The greatest advice I could offer to anyone who hasn't quite "made it" is not to let yourself stagnate. Whatever your material, whatever your medium, keep your mind sharp, study those who have been successful, and keep building your arsenal of new tricks. I force myself to treat art like a full-time job even if technically it's not in order to keep developing, to keep progressing, to keep learning a new skill or technique every single day. What comes of this is beneficial to me in more than just the sense that I become more skilled at my work, but if asked about the small gap in my employment history, what better way to fill it than by using my free time to show self-discipline, dedication, and a desire to improve and become more competitive.
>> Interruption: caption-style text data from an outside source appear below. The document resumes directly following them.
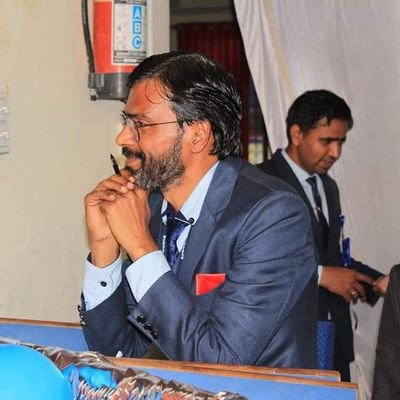 Teacher's profile picture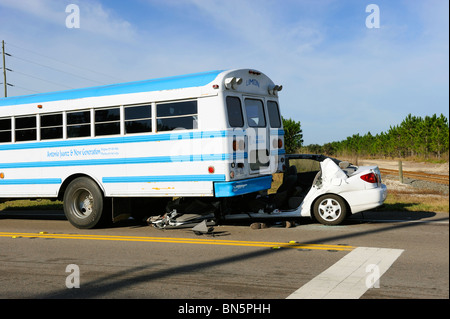 Accident d'automobile mortel résultant en un décès de distraction à l'aide de téléphone cellulaire à l'envoi de sms Banque D'Images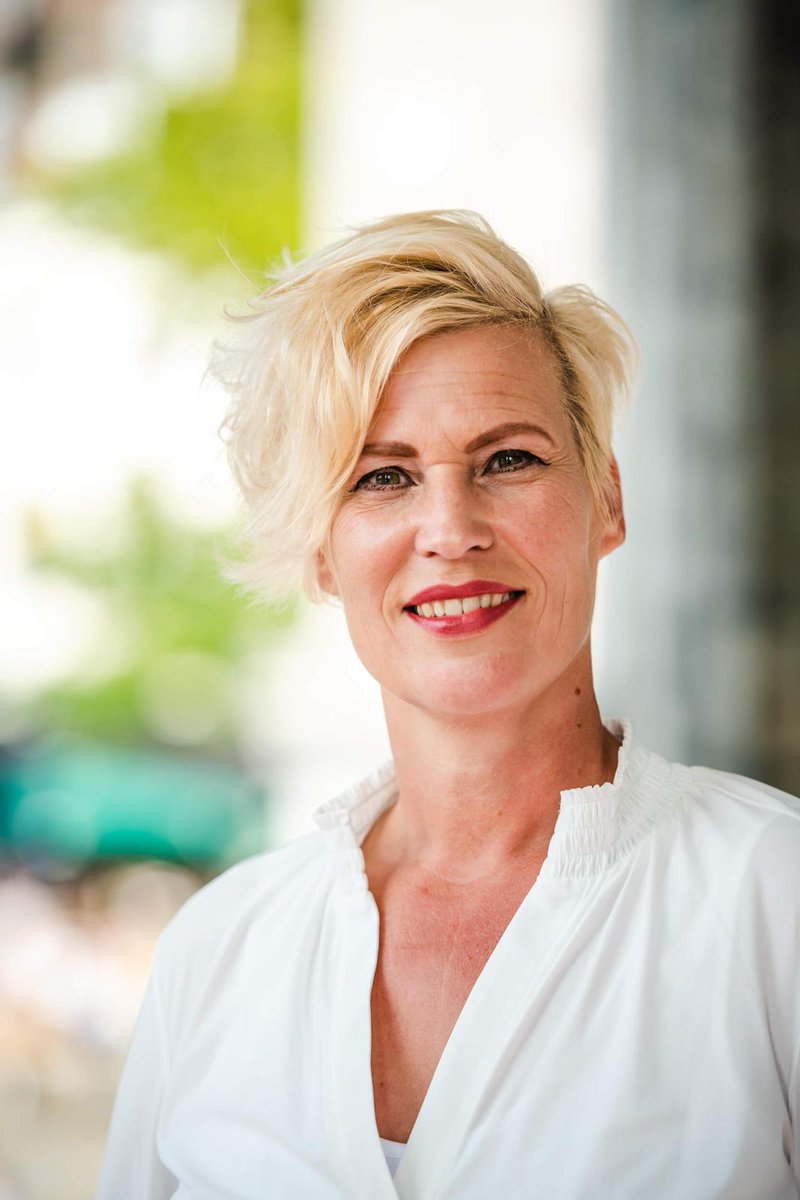 'Regie over hun eigen leven en geluk' Anita Bastiaans  over de toegevoegde waarde van #PositieveGezondheid “Begin gewoon met een light versie. Met het spinnenweb invullen en het andere gesprek voeren.”
#gewoondoen #veranderingsproces #bewezensuccesvol
limburgpositiefgezond.nl/regie-over-hun…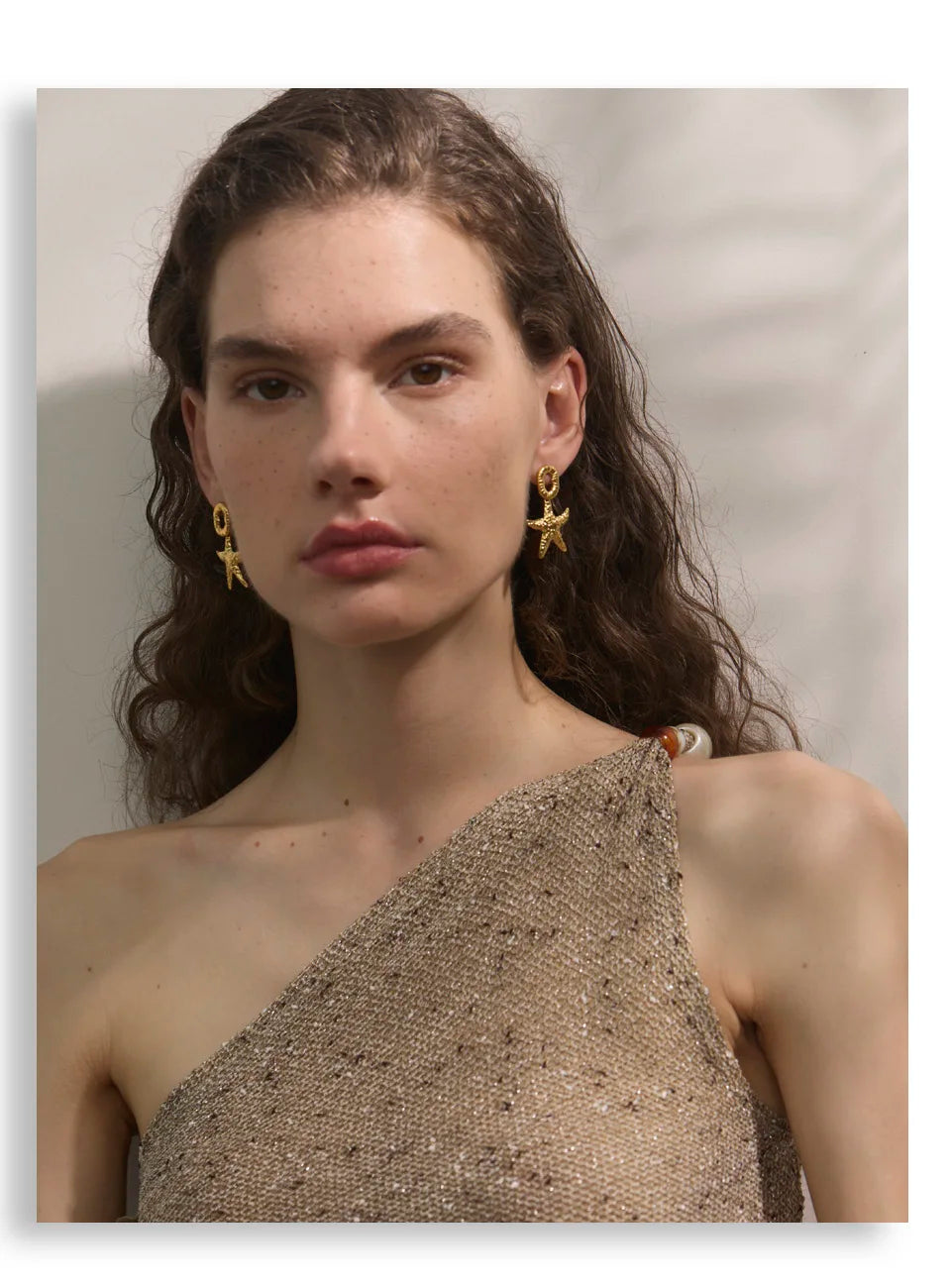 Star earrings in gold-plated stainless steel.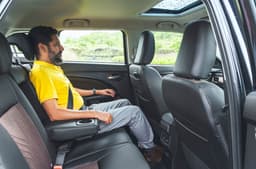 Maruti Suzuki Brezza Front Row Seats Maruti Suzuki Brezza Front Row Seats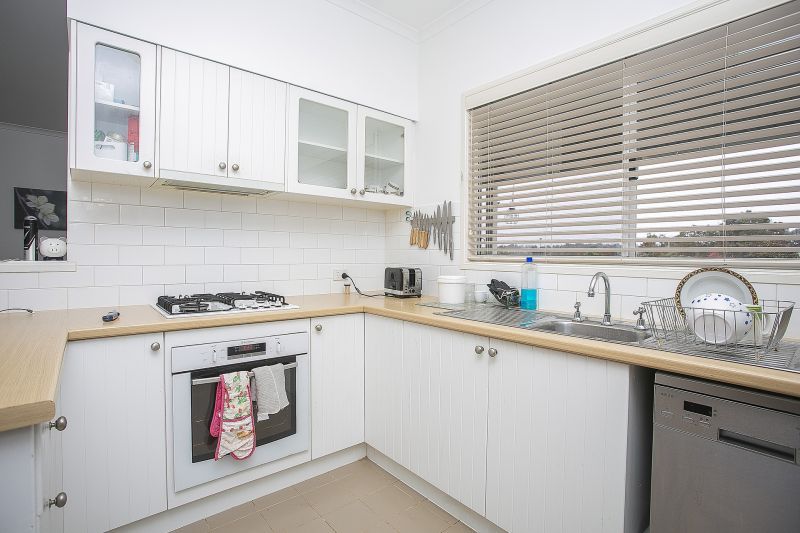 Light filled 2-bedroom home with outdoor entertaining deck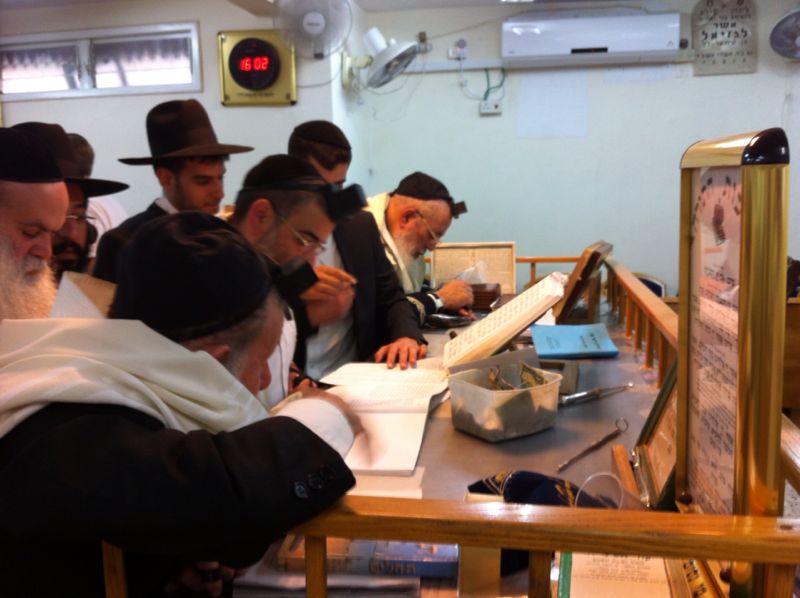 בעקבות המצב הביטחוני: הרב עמאר והרב בוארון ערכו עצרת תפילה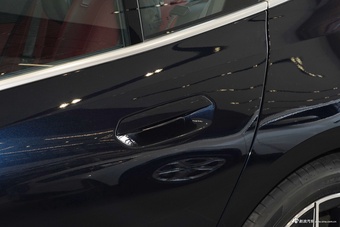 2026款宝马i5 eDrive 40L M运动套装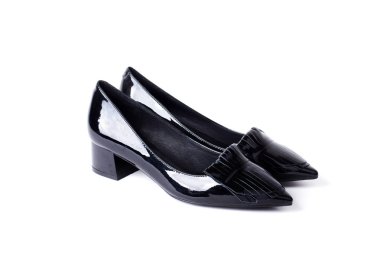 Beyaz bir arka plan üzerinde klasik tarzı kadın ayakkabı.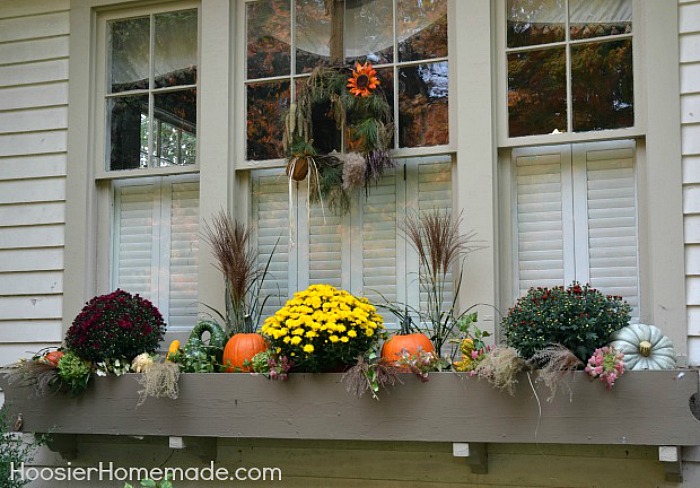 FALL WINDOW BOXES -- Fall Decorating Tips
It's difficult to find optimism when it seems like you're being passed up. Seeing rejection after rejection can make a person in any metier feel like they should quit all together and find a new, more realistic and obtainable path, but the more I think about it, the more that I know that this is the story of producing art in general, just the way it's always been. This isn't my unique story as an artist. I struggle to stay impersonal, to take each rejection as fuel to better myself, but it's often said that the artist is his own worst critic, and I find that especially true for myself, but any artistically-inclined person knows very well the self-rejection that almost inevitably occurs when they hit that wall of development even before it becomes an issue of finding a job, when art really is still a fun hobby. There will almost always come a time when everything they produce is terrible, when it seems like every other artist is better and more talented, when your skills don't seem sufficient. The beauty is that that moment is when artists are inevitably made. That is the point of divergence. That is the make-or-break.  I don't often like to use quotes, but I think it's all too true: "Artists don't get down to work until the pain of working is exceeded by the pain of not working." And for me, the pain of not making art would be crippling. And so with that in mind, I'll keep going.